▸ **Short text fragments from websites**:
* * *
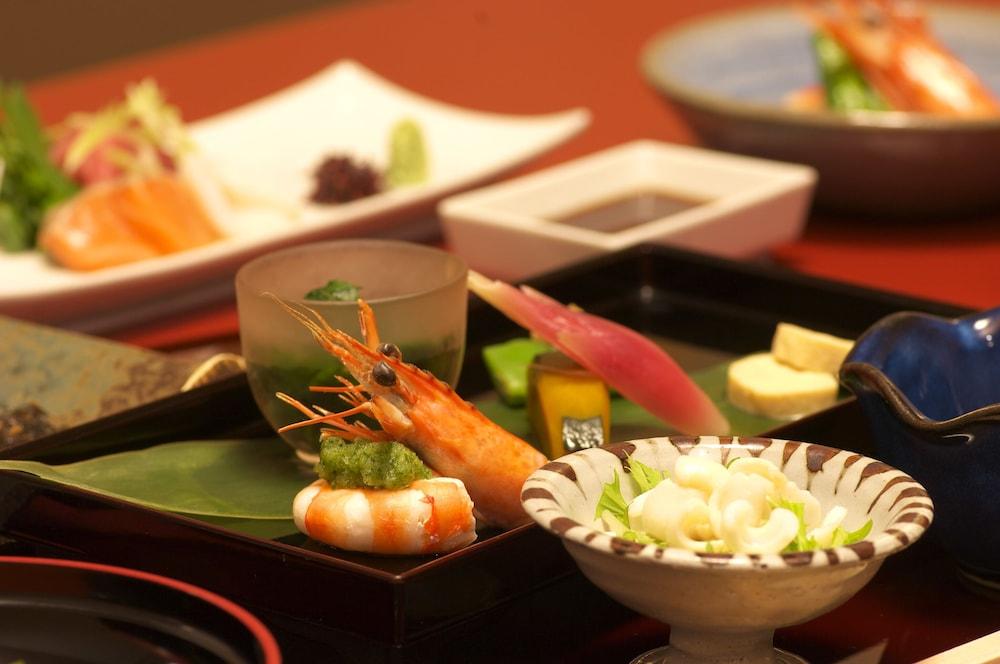 Hotel Ichinoyu Katei Jamanouči Exteriér fotografie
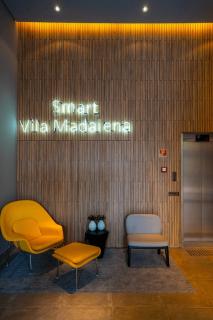 Guarulhos: SMART Vila Madalena 7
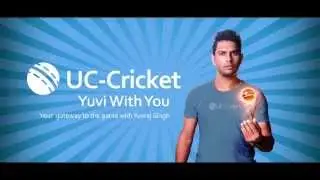 UC Cricket: Yuvraj Singh as Bahadur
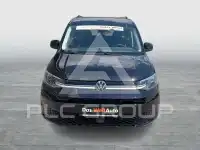 2026 Volkswagen Caddy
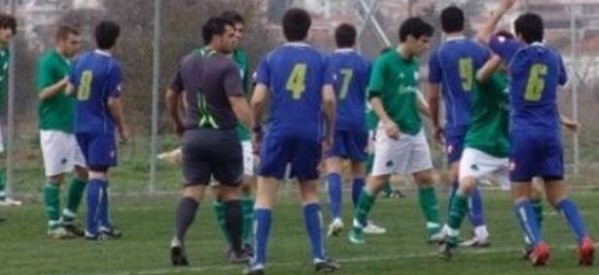 Μες νίκες συνέχισαν νέοι και έφηβοι του Αστέρα!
* * *
▸ **What the task requires**:
Your task is to return the entries above exactly, with no pictures.

▸ **Result for this exercise**:
 Hotel Ichinoyu Katei Jamanouči Exteriér fotografie
 Guarulhos: SMART Vila Madalena 7
 UC Cricket: Yuvraj Singh as Bahadur
 2026 Volkswagen Caddy
 Μες νίκες συνέχισαν νέοι και έφηβοι του Αστέρα!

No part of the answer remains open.